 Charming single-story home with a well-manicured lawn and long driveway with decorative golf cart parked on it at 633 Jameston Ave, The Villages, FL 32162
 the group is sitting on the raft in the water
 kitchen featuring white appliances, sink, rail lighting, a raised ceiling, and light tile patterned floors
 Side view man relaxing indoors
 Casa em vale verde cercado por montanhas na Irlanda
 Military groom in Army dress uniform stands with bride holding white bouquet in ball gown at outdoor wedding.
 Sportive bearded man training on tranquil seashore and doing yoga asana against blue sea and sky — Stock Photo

* * *

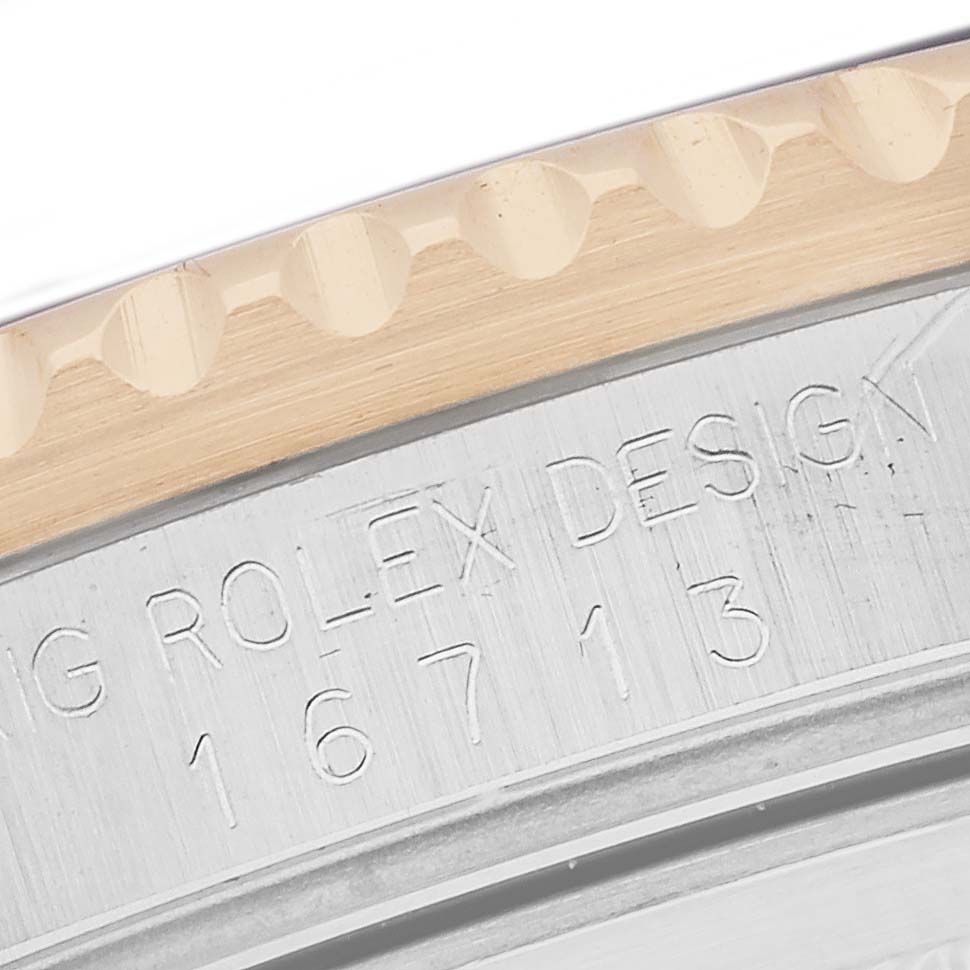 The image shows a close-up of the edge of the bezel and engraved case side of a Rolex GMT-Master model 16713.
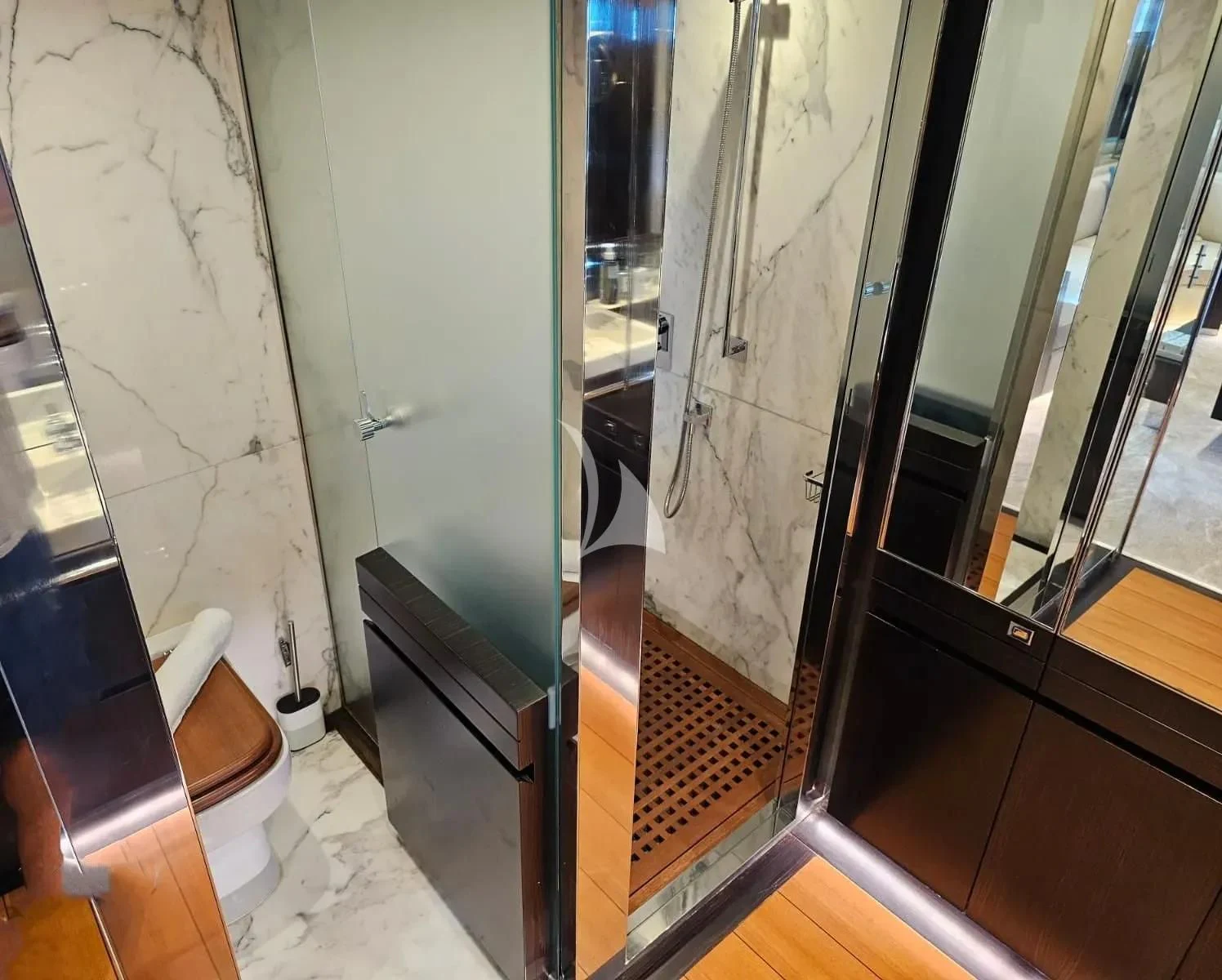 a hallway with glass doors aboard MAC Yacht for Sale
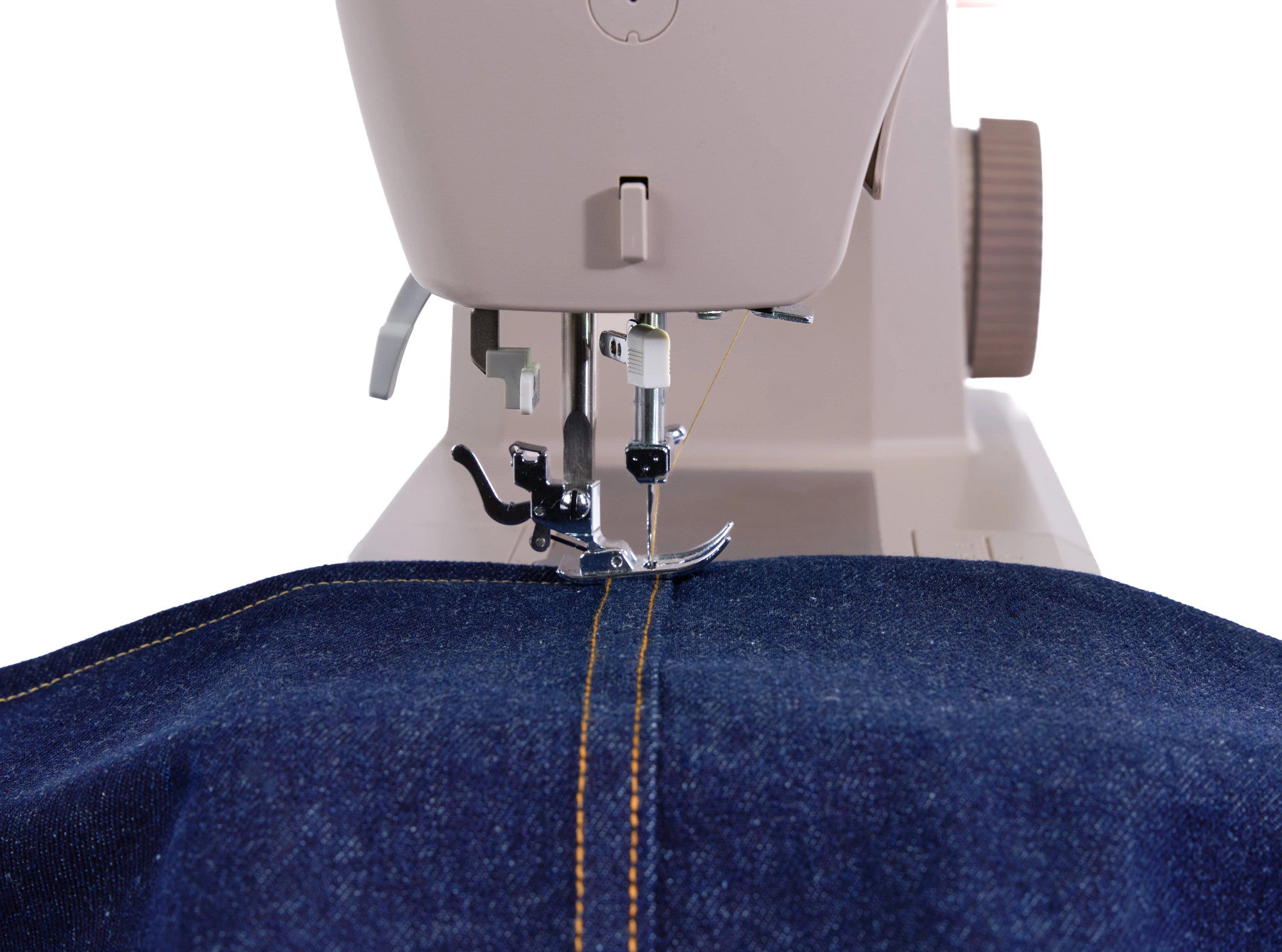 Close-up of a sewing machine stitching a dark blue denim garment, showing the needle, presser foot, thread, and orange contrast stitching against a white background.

==

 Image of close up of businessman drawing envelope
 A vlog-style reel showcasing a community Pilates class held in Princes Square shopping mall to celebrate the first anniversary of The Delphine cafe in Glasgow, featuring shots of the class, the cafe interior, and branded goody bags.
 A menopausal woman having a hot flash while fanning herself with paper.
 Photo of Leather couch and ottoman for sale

Task directions
For this exercise, please output exactly the lines above starting at the line with "Image of close" and ending at the line with "Photo of Leather couch and ottoman for sale", ends included.

Expected answer
 Image of close up of businessman drawing envelope
 A vlog-style reel showcasing a community Pilates class held in Princes Square shopping mall to celebrate the first anniversary of The Delphine cafe in Glasgow, featuring shots of the class, the cafe interior, and branded goody bags.
 A menopausal woman having a hot flash while fanning herself with paper.
 Photo of Leather couch and ottoman for sale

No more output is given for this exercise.